The nurse who worked the system

Ms. Y has been hospitalized for suicidality 49 times in 6 years. Until now, her providers have condoned her sense of entitlement. How would you intervene?

Vol. 8, No. 7 / July 2009

CASE: A ‘high utilizer’

Ms. Y, a 49-year-old intensive care registered nurse, is admitted to the psychiatric hospital for suicidal ideation for the eighth time in 1 year. Ms. Y has chronic suicidal ideation with multiple attempts and has been on disability for 3 years for treatment of severe depression. She has been hospitalized for depression with suicide ideation 49 times since her divorce 6 years ago. She is prescribed fluoxetine, 60 mg/d, quetiapine, 400 mg/d, and clonazepam, 2 mg/d.

Ms. Y reports the same series of events that preceded her previous hospitalizations: severe insomnia led to a worsening of her other depressive symptoms, including intense suicidal ideation. In an attempt to sleep, she took “a couple” of extra clonazepam. She called her therapist, who was alarmed by her slurred speech and pleas for help. A friend drove Ms. Y to the hospital, where she was directly admitted without being evaluated in the emergency room (ER).

The authors’ observations

Ms. Y possesses 7 of the 11 characteristics of a high utilizer of psychiatric services (Table 1),1,2 defined as a patient who is:

  • 2 standard deviations above the mean number of visits to an urban psychiatric emergency service in 6 months or
  • has 4 inpatient admissions in a quarter or 6 inpatient admissions in 1 year.

Ms. Y always is directly admitted because she refuses to go through the ER for evaluation. She seems to know just how much medication to take to remain medically stable. She receives special treatment—she can call her therapist, ask for admission, and have her request granted. Until now, Ms. Y’s care providers have condoned her entitlement.

Table 1

Common characteristics of high utilizers* of psychiatric services


Developmental delays

Enrolled in a mental health plan

History of voluntary and involuntary hospitalization

Personality disorders

Likely to be uncooperative

Substance abuse or dependence (or history)

History of incarceration

Unreliable social support

Young Caucasian women

* Defined as having either 2 standard deviations above the mean number of visits to an urban psychiatric emergency service in 6 months or 4 inpatient admissions in a quarter or 6 inpatient admissions in 1 year

Source: References 1,2

The author’s observations

Because previous hospitalizations and courses of ECT have provided Ms. Y with only minimal, short-lived improvement, the treatment team decides to reconsider her diagnosis and treatment plan. Ms. Y’s first psychiatrist diagnosed her with major depressive disorder. After thoroughly interviewing Ms. Y and reviewing her history, the hospital psychiatrist determines that she meets criteria for borderline personality disorder (BPD) in addition to major depression. The psychiatrist explains this diagnosis to Ms. Y, provides her with education and support, and recommends dialectical behavioral therapy (DBT) and case management. She rejects the new diagnosis and treatment plan and pleads for help establishing treatment with a new psychiatrist.

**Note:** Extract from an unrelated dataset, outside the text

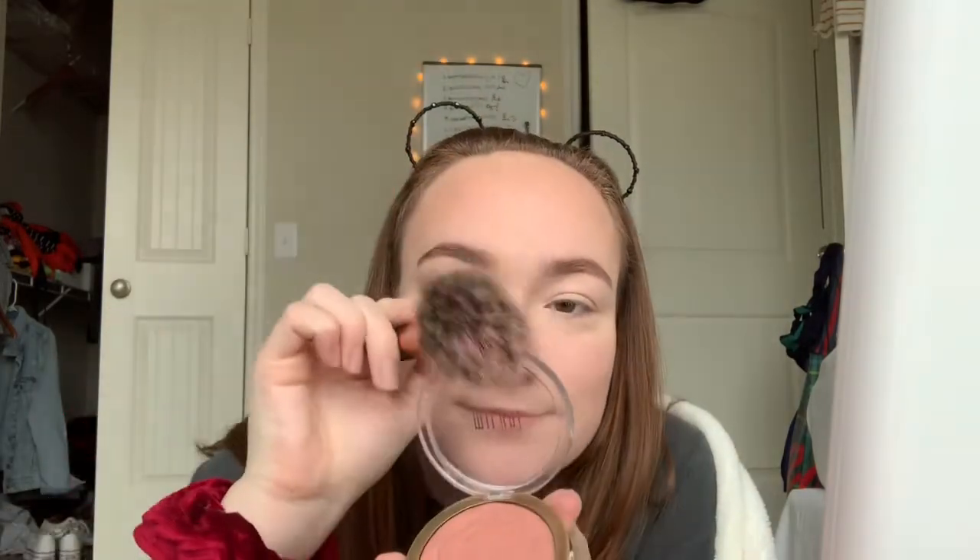And then with the same brush I take my blush. Every single product is new — like I haven't used it before. The brushes are the same but products are all new. This is Milani blush — it's super good, it's Romantic Rose. I love blush! It looks so good in camera. I love blush so much, I think blushing is so cute.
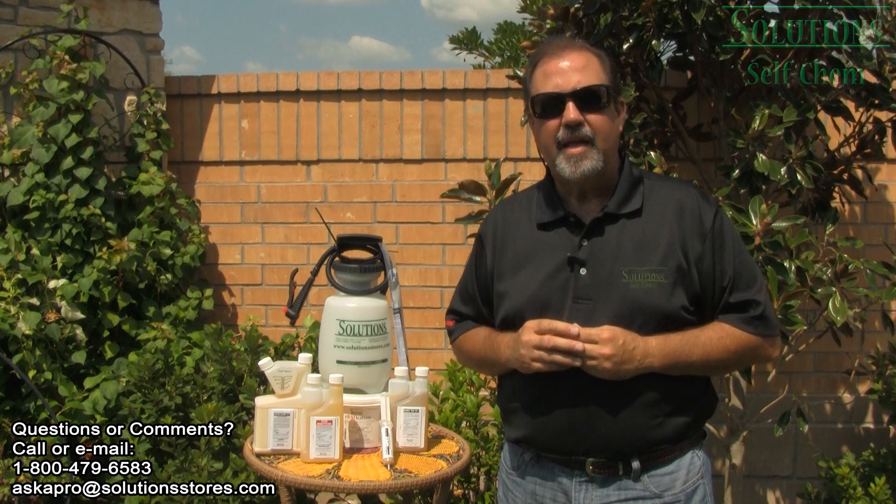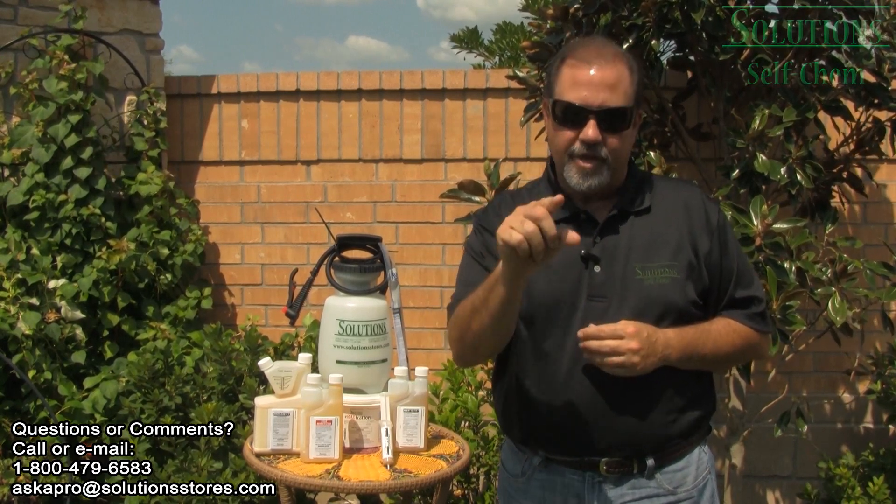Or for more advice, call us at 800-479-6583. Again, I'm Keith with Solution Self Chem. Ask us how, then do it yourself.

The team at the psychiatric hospital feels Ms. Y needs to receive ongoing treatment from a psychiatrist. In the hope that she will be able to establish a therapeutic alliance with a new psychiatrist and therapist, they decide to continue working with Ms. Y if she accepts the BPD diagnosis and agrees to undergo DBT.

EVALUATION: A troubling pattern

Before Ms. Y’s husband divorced her, she had not received psychiatric care and had no psychiatric diagnosis. During the contentious divorce, she experienced depressive symptoms that later intensified, and she was unable to return to her previous high level of functioning.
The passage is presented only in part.